Surgery can be curative not only in patients with early-stage and locally-advanced colon cancer but also in patients with initially resectable or potentially resectable liver-only metastases [2].
Systemic chemotherapy used before and/or after surgical resection has shown to significantly improve outcomes and achieve long-term survivals [3,4].
The current options for perioperative treatment include the use of 5-fluorouracil (5-FU) based therapies with oxaliplatin [5] or irinotecan [6]. You can also use them in combination with targeted molecular therapies as cetuximab/panitumumab (monoclonal antibodies against epidermal growth factor receptor) [7,8] or bevacizumab (monoclonal antibody that inhibits vascular endothelial growth factor) [9,10].
Rubbia-Brandt et al. [11] and afterwards Blazer et al. [12] demonstrated that pathologic response correlates with overall survival (OS) in patients with CLM treated with preoperative chemotherapy and hepatic resection.

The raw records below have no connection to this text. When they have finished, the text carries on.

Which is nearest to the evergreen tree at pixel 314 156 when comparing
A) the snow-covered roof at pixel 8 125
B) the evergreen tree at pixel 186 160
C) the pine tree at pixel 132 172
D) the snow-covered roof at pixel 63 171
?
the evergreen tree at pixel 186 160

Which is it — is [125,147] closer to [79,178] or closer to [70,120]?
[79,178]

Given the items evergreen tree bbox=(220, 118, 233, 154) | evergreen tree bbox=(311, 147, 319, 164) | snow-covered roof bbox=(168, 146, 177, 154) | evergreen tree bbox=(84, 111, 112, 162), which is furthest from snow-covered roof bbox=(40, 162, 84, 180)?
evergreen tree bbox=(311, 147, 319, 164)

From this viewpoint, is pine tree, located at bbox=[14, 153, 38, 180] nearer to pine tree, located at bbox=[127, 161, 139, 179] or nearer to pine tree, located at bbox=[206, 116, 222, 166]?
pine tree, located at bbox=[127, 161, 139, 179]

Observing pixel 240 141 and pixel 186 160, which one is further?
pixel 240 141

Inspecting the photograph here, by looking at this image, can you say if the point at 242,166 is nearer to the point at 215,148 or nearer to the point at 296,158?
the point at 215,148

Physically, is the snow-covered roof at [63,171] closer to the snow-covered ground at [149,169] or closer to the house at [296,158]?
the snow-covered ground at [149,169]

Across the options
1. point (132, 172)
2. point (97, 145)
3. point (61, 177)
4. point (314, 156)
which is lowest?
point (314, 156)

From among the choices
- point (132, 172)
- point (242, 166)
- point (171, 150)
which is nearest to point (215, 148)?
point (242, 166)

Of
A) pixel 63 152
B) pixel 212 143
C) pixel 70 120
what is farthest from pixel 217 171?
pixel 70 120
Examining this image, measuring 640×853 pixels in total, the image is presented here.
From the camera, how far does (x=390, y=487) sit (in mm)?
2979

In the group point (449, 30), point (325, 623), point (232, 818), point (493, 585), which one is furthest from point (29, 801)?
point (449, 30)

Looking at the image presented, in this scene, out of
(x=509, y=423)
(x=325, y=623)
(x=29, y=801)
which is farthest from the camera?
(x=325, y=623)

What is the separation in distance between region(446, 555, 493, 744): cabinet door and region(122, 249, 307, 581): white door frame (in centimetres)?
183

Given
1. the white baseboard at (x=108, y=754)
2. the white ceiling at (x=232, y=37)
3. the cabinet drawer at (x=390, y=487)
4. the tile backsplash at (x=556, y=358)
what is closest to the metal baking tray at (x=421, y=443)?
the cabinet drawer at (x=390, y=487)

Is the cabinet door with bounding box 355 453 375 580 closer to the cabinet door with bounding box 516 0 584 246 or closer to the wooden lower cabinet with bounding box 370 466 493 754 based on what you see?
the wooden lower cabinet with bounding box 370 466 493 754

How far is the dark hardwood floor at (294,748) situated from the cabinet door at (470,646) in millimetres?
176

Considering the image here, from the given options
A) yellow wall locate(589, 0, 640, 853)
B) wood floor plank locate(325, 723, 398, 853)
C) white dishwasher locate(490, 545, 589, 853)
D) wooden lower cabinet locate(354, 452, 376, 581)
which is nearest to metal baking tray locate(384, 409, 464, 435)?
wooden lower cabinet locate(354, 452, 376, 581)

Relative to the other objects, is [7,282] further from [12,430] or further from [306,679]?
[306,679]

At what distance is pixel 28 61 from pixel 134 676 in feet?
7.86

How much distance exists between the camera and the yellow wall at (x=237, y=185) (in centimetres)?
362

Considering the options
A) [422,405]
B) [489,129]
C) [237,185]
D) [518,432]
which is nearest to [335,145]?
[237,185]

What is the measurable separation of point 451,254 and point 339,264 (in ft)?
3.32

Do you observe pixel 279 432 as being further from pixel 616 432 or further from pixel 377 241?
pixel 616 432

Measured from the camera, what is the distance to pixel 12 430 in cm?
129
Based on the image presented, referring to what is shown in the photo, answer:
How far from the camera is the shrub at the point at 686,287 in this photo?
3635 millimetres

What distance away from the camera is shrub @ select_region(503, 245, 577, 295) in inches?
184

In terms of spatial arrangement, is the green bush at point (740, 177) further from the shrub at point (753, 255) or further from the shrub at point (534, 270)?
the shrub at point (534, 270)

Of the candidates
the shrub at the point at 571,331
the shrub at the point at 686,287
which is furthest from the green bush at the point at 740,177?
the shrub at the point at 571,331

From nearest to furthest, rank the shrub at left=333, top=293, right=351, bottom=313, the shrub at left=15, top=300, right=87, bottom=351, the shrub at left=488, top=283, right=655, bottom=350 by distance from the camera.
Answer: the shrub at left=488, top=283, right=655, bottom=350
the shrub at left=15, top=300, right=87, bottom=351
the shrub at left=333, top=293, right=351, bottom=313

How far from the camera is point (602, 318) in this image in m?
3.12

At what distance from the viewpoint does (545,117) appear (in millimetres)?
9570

In this way, pathologic tumor response to chemotherapy was recognized as an important prognostic factor in patients with CLM treated with preoperative chemotherapy.
Till recently there wasn´t a noninvasive method of predicting pathologic response to chemotherapy in CLM and RECIST criteria sometimes is inadequate in assessing response to chemotherapy, especially in patients treated with a regimen including antiangiogenic agents [13]. In this way Choi et al, reported Choi or morphologic criteria aimed mostly to consider treatment related decrease of tumor density [14].

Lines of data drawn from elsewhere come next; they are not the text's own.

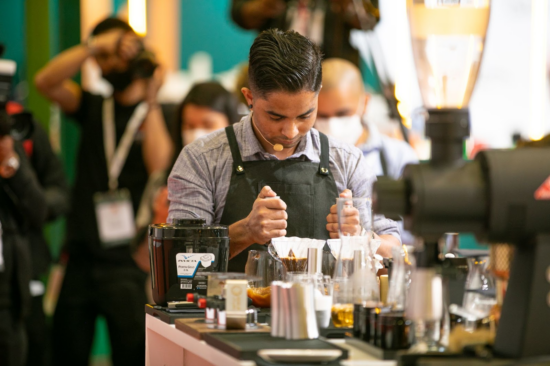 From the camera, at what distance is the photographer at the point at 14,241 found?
3.58 meters

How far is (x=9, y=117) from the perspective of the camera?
3.64 meters

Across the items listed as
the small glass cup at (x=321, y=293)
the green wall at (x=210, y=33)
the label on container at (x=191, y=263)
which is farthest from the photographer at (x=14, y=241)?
the green wall at (x=210, y=33)

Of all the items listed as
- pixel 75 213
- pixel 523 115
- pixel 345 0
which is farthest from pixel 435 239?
pixel 75 213

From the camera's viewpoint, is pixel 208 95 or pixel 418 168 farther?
pixel 208 95

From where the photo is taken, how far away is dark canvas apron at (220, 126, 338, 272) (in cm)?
246

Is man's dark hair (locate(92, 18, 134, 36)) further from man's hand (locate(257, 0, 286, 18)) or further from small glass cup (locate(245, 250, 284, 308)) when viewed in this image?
→ small glass cup (locate(245, 250, 284, 308))

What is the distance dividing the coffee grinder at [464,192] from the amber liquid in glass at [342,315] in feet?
1.34

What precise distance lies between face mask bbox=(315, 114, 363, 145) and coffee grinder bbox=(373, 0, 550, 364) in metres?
2.17

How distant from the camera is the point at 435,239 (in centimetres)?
137

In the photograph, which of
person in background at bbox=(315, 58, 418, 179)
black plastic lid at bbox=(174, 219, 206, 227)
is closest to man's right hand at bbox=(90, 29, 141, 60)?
person in background at bbox=(315, 58, 418, 179)

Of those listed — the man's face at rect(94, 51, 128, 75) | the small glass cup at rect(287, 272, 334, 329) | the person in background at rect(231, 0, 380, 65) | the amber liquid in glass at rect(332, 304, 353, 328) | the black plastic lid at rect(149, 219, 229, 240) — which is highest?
the person in background at rect(231, 0, 380, 65)

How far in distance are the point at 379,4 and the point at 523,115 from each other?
103cm

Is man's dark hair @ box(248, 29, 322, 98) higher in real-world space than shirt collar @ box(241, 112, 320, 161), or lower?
higher

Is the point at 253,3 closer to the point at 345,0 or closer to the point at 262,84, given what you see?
the point at 345,0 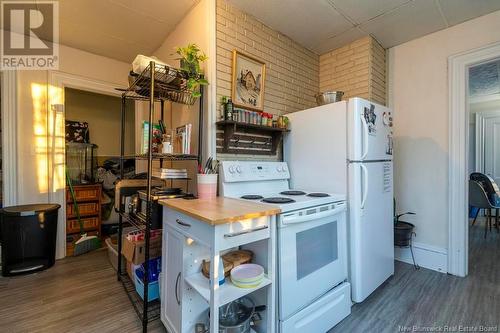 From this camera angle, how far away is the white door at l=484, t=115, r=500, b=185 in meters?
4.88

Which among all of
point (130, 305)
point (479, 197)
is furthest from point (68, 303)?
point (479, 197)

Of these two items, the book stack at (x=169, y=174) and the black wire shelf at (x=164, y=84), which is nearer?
the black wire shelf at (x=164, y=84)

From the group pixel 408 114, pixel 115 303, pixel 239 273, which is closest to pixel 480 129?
pixel 408 114

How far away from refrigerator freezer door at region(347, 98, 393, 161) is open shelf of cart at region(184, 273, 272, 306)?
1.22 m

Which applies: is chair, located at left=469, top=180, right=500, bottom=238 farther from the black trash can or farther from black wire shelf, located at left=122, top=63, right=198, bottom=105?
the black trash can

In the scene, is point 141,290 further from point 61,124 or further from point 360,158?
point 61,124

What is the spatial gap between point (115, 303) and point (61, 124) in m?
2.21

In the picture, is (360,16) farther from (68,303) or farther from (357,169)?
(68,303)

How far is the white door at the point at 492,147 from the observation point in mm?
4879

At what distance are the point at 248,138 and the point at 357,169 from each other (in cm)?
101

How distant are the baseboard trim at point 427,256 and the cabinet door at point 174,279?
2.58 m

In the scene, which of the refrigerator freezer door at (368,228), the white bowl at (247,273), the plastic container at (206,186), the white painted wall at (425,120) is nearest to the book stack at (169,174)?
the plastic container at (206,186)

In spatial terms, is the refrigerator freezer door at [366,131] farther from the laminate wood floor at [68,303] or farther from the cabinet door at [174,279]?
the laminate wood floor at [68,303]

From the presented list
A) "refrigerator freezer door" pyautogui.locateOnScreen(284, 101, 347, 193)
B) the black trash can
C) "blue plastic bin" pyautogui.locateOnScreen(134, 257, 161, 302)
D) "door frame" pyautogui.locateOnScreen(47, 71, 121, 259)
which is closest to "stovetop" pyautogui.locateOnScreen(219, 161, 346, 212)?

Chun et al. [15] observed that after bevacizumab-containing therapy, CLM tend not only to decrease in size but also to undergo morphologic changes as decreasing density on CT. In this way, they correlated an optimal morphologic response with a good pathologic response. We already knew about the correlation between pathologic response and OS, so they demonstrated that CLM with optimal morphologic response had a better OS. They confirmed these results not only in patients that receive preoperative chemotherapy but also in patients with unresectable CLM.

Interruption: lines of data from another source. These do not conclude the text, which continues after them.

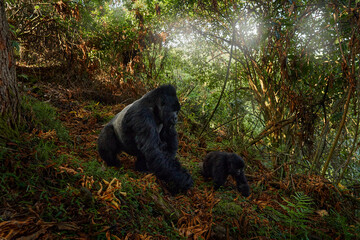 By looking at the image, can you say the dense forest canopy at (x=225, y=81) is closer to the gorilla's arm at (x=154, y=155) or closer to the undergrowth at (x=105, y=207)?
the undergrowth at (x=105, y=207)

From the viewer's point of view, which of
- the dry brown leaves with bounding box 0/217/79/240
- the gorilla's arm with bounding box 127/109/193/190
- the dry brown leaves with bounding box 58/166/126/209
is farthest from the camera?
the gorilla's arm with bounding box 127/109/193/190

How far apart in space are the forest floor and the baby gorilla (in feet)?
0.45

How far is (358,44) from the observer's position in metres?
2.56

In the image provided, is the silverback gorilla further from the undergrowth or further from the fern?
the fern

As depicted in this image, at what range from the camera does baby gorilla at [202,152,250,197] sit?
301 centimetres

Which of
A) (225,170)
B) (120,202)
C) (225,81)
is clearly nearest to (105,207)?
(120,202)

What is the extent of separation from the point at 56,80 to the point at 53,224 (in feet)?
14.6

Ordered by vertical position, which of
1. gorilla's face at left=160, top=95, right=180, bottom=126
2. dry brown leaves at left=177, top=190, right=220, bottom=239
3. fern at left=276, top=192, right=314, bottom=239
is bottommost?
dry brown leaves at left=177, top=190, right=220, bottom=239

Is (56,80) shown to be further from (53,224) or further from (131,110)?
(53,224)

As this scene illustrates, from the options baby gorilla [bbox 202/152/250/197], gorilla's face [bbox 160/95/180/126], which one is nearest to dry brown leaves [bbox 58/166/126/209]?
Answer: gorilla's face [bbox 160/95/180/126]

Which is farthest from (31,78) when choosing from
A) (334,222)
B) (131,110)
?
(334,222)

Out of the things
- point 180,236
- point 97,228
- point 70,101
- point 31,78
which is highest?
point 31,78

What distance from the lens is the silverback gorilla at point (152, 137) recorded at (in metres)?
2.37

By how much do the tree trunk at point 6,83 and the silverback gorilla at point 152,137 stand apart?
3.21 feet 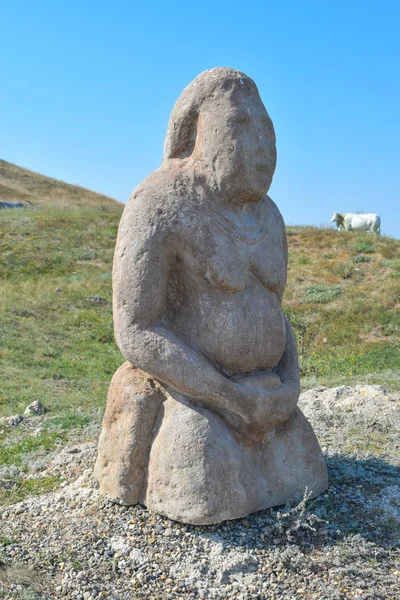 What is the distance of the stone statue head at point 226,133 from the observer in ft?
13.0

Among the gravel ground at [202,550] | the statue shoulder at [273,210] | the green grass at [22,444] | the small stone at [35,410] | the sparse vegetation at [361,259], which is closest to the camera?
the gravel ground at [202,550]

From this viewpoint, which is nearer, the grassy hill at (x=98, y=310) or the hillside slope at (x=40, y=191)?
the grassy hill at (x=98, y=310)

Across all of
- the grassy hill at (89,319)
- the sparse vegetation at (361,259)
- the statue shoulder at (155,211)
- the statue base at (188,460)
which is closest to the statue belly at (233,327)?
the statue base at (188,460)

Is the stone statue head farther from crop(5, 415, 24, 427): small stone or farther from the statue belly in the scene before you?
crop(5, 415, 24, 427): small stone

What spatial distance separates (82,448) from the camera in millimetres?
5586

Shindoh et al. [16] confirmed that optimal morphologic response is sufficiently correlated with OS to be considered a surrogate therapeutic end point for patients with CLM and it is probably that the integration of morphologic criteria and RECIST may improve the accuracy in prediction of pathologic response and OS [17]. These novel criteria have been recently introduced for patients undergoing chemotherapy for resectable and unresectable CLM.
We report a case of CLM treated with bevacizumab-containing chemotherapy that obtained an optimal morphologic response and liver disease stabilization. At this moment, seven years after the diagnoses she is alive, asymptomatic, without treatment and continuing a close follow up.
Conclusion
An optimal morphologic response to chemotherapy and bevacizumab is correlated with long-term outcomes in CLM. This conclusion is based in the good pathologic response obtained in resected patients and in the long overall survival reached in unresectable patients.